How many fats or carbohydrates or calories any food contains is an important thing to consider. But, letting the fact that an in-a-pinch Paleo-approved option, such as the AMRAP Nutrition Bars, one of the few protein bars on the market that really are Paleo, contains X number of grams of fat, in and of itself shouldn’t be the sole factor to ditch it.
4. FACTOR IN THE AMOUNT OF PACKAGING WHEN CHOOSING TO BUY, OR NOT.
One great example here is the relatively newly popular Seaweed Snax. We know sea vegetables are an essential part of Paleo living, given their rich iodine content, which we need in order to balance out the sulfur we get from the cruciferous veggies and keep our thyroid functioning normally. But, some brands go just a bit overboard with the amount of plastic used to wrap it up. Make your voice heard by reaching out to the manufacturer to explain that you love the product, but not the ramifications on the planet.

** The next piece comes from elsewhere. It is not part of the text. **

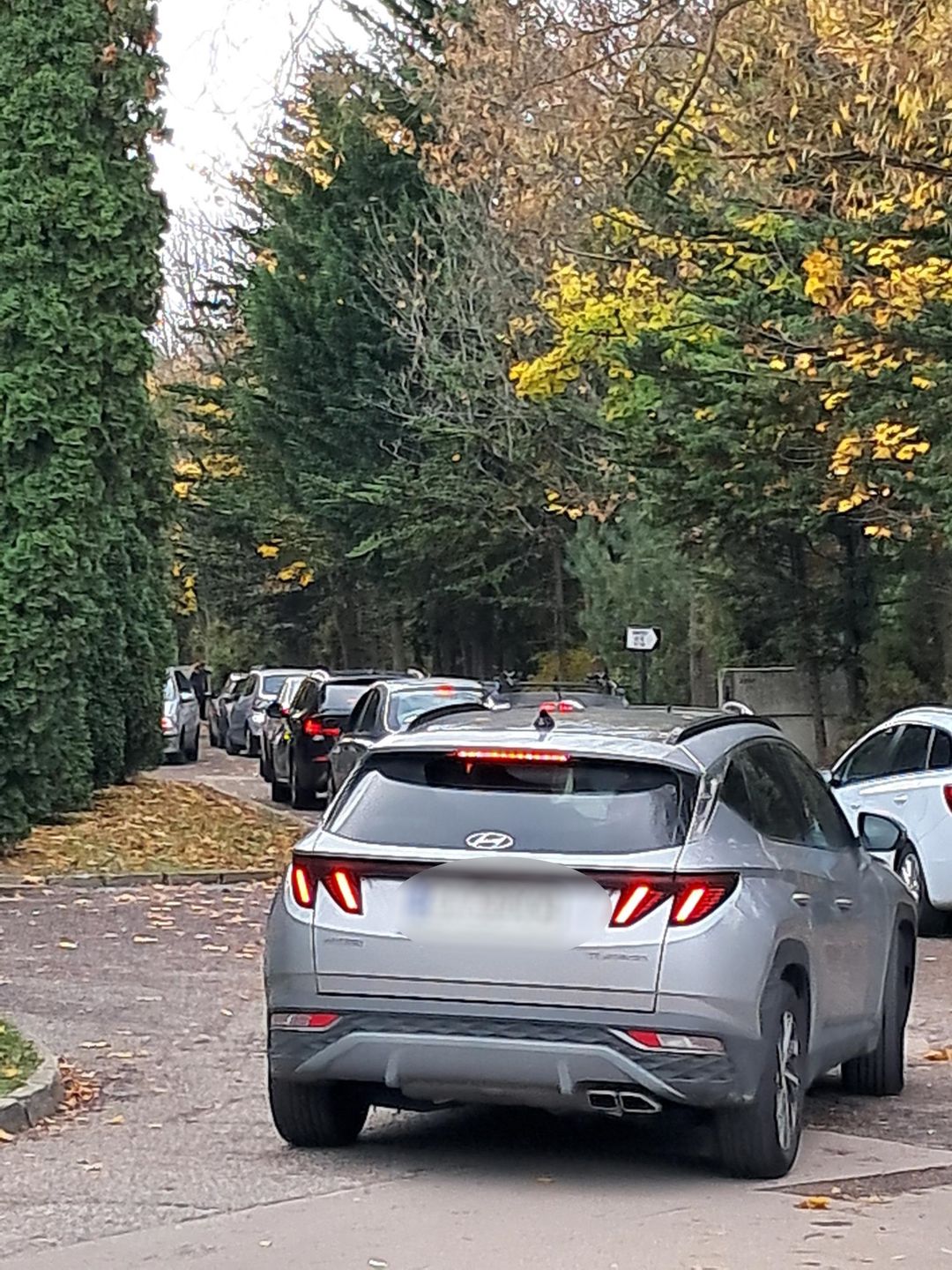 Korek na wjeździe na cmentarz.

Being green is totally Paleo, by the way!
5. FINALLY, EAT PACKAGED FOOD AS LITTLE AS POSSIBLE.
Of course, certain foods are simply going to be in a package, like the examples listed above. But if you can help it, keep it fresh as much as humanly possible. You’ll save money since you’re not paying for production and materials used in packaging and you’ll simultaneously be doing your body a favor all the while helping the environment.
Eat fresh, eat local, eat in season and eat in balance. That’s the true essence of Paleo… sounds like common sense to me!